L’intellettuale trentino prende in esame tre romanzi, pubblicati tutti nell’ultimo decennio: La possibilità di un’isola del francese Michel Houellebecq (2005), Il cerchio dello statunitense Dave Eggers (2013), 2084 dell’algerino Boulaem Sansal (2015). Se Houellebecq mette in scena una società futura in cui gli umani sono stati sostituiti dai loro cloni, gli altri due autori allestiscono dei mondi sociali costruiti sull’irrazionalismo più radicale e fondamentalista: religioso Sansal, ispirato alla New Age Eggers. In tutti e tre, assistiamo alla scomparsa dell’Umano, quello responsabile, riflessivo, motore del mutamento nato con l’Umanesimo.
Derive tutte e tre di un possibile postumanesimo che auspicano la fine dell’umano come lo conosciamo. E forse, fra tutte, quella più integralista è quella ispirata alla New Age, che nelle sue frange più estreme – quelle di un certo ambientalismo (Camorrino, 2015) – promuove la distopia più radicale di tutte: la definitiva sparizione dell’umano, inteso come il peggiore virus che infetta il pianeta, dal mondo.
Bibliografia
- Ballard J. G., La mostra delle atrocità, Feltrinelli, Milano, 2014.

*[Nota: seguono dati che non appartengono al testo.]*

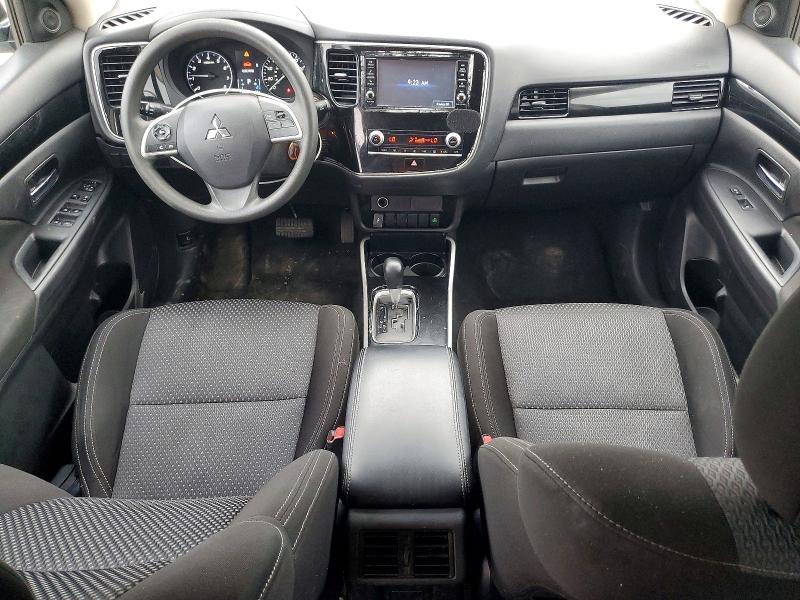 2020 Mitsubishi Outlander es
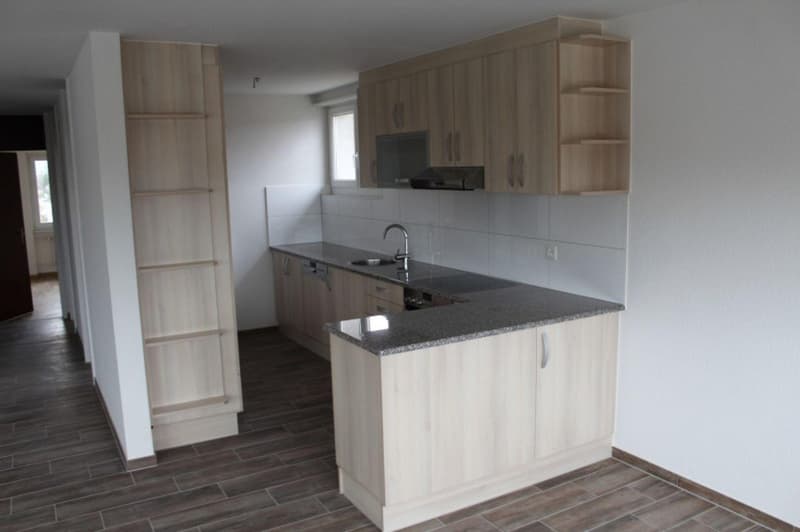 Helle 4-Zimmer-Wohnung mit Balkon (2)
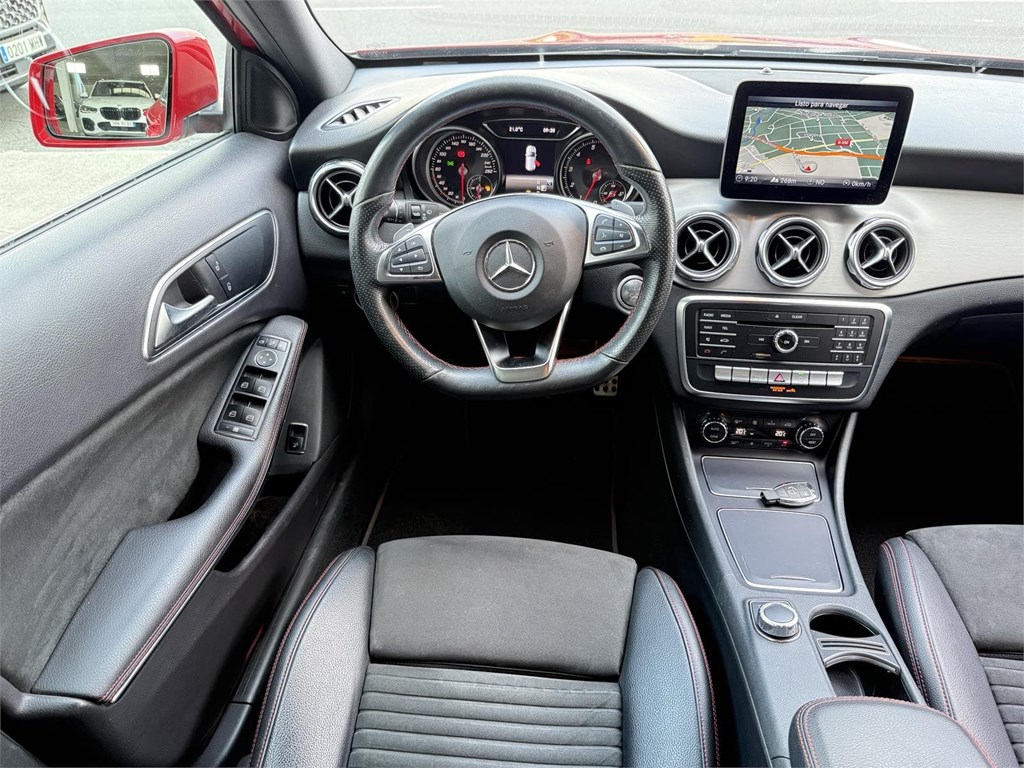 Foto 7 MERCEDES GLA 180 AMG LINE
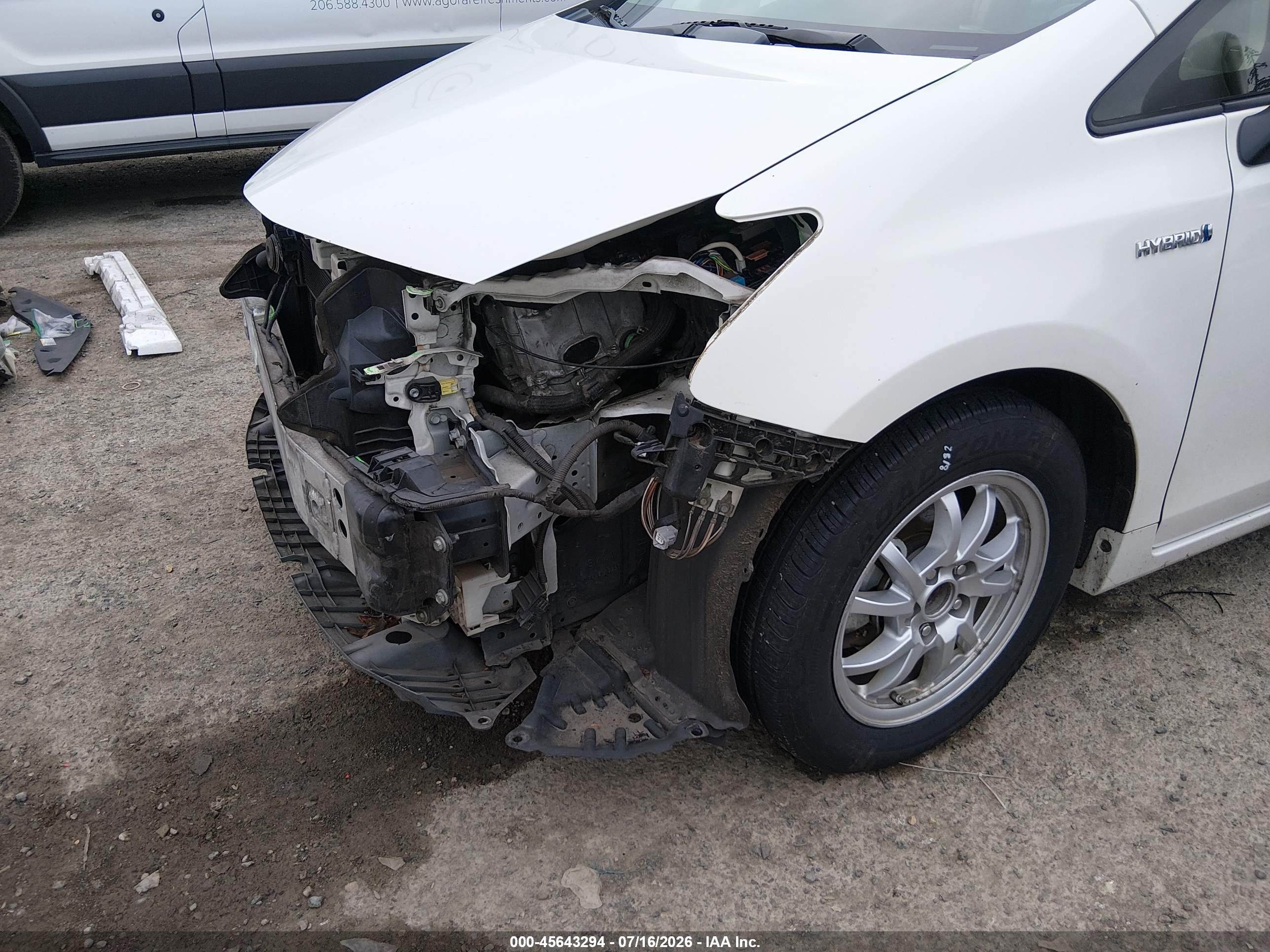 2015 Toyota Prius V Two Белый vin: JTDZN3EU1FJ026504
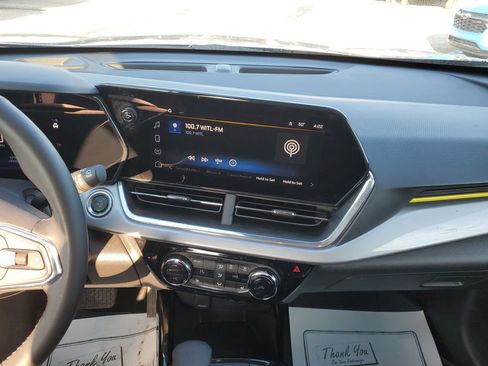 Certified 2024 Chevrolet Trax LT w/ Driver Confidence Package image 28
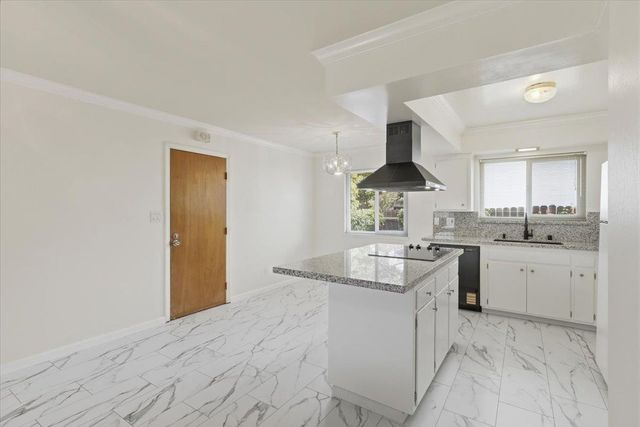 7300 Flamingo Way, Sacramento, CA 95828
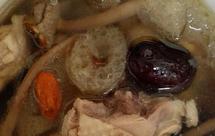 竹荪茶树菇炖鸡汤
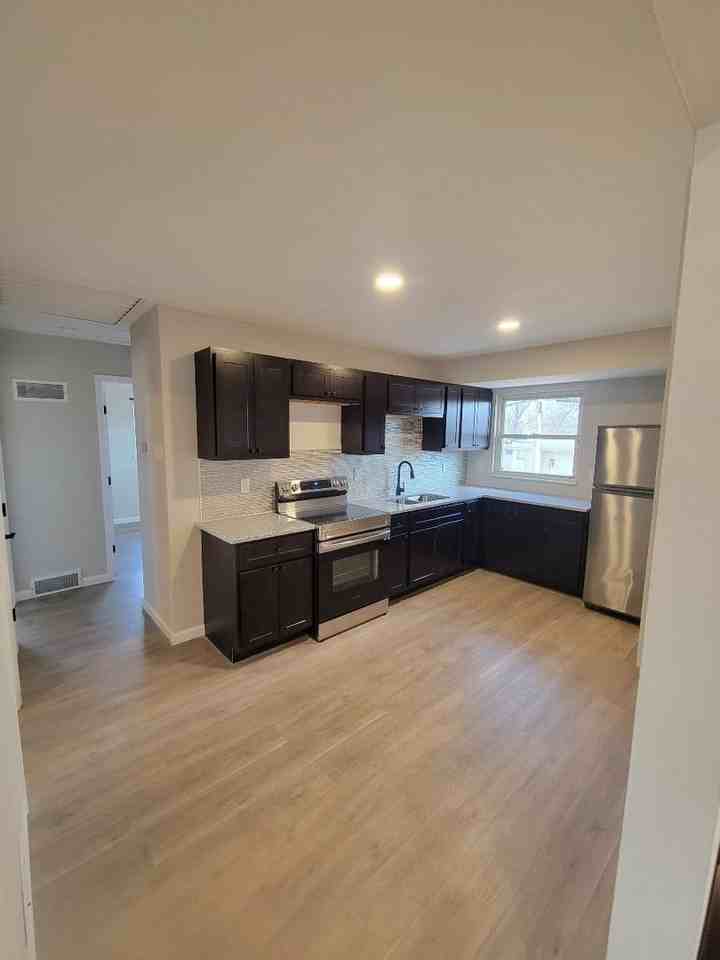 10348 Durness Dr - Photo 4 of 13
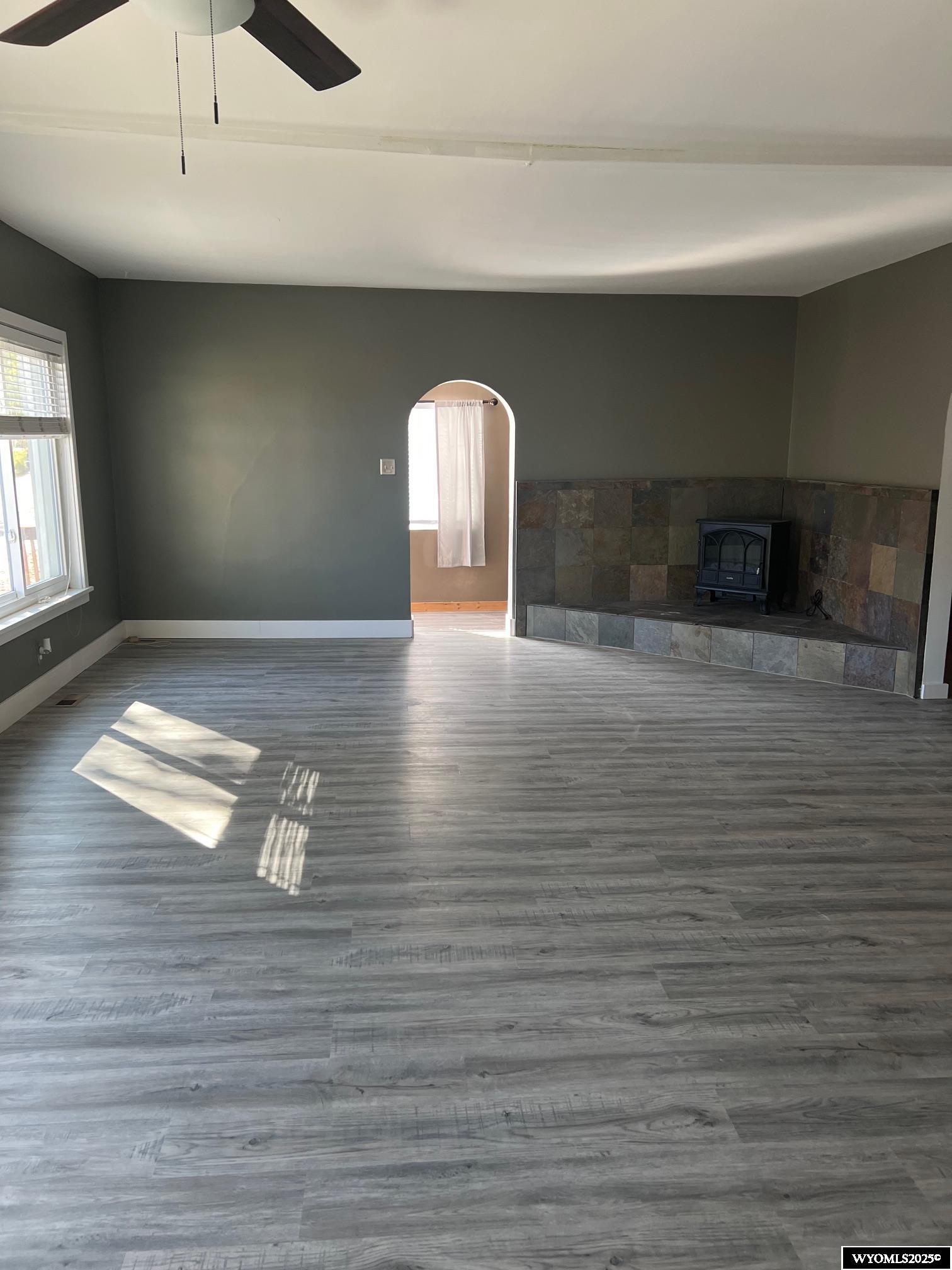 511 14th Street Rawlins, WY 82301 - Photo 3 of 21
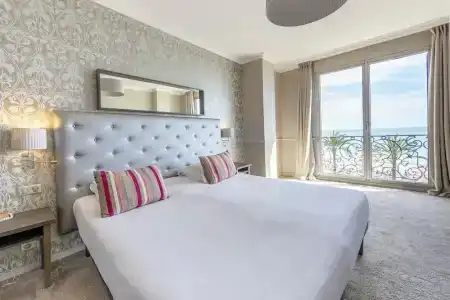 Hôtel Le Royal Promenade des Anglais - 91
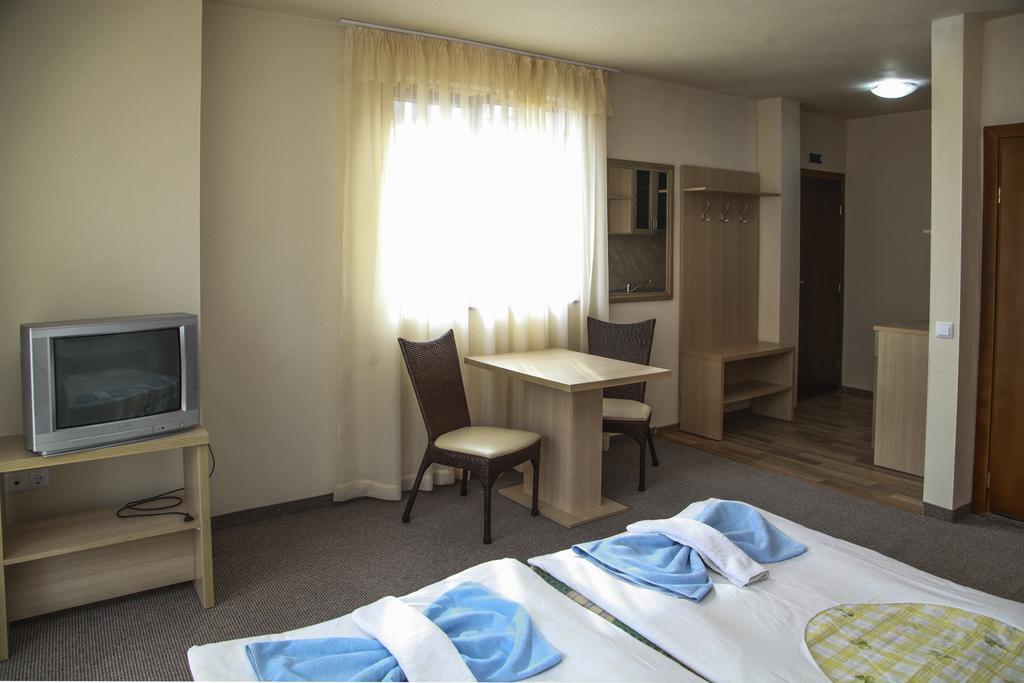 Ravda Bay Guest House Екстер'єр фото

- Camorrino A., Dal cosmo al caos, Ipermedium, S. Maria C. Vetere, 2014.
- Camorrino A., La natura è inattuale, Ipermedium, S. Maria C. Vetere, 2015.
- Carroll J., Il crollo della cultura occidentale, Fazi, Roma, 2009.
- Eggers D., Il cerchio, Mondadori, Milano, 2014.
- Harvey D., La crisi della modernità, il Saggiatore, Milano, 2002.
- Heller Á., La teoria dei bisogni in Marx, Feltrinelli, Milano, 1980.
- Heller Á., Mazzeo R., Il vento e il vortice, Erickson, Trento, 2016.
- Houellebecq M., La possibilità di un’isola, Bompiani, Milano, 2005.
- Lyotard J.-F., La condizione postmoderna, Feltrinelli, Milano, 1981.
- Sansal B., 2084, Neri Pozza, Vicenza, 2016.
- Weber M., Economia e società, Comunità, Milano, 2005.
- Wells H. G., La macchina del tempo, Mursia, Milano, 2007.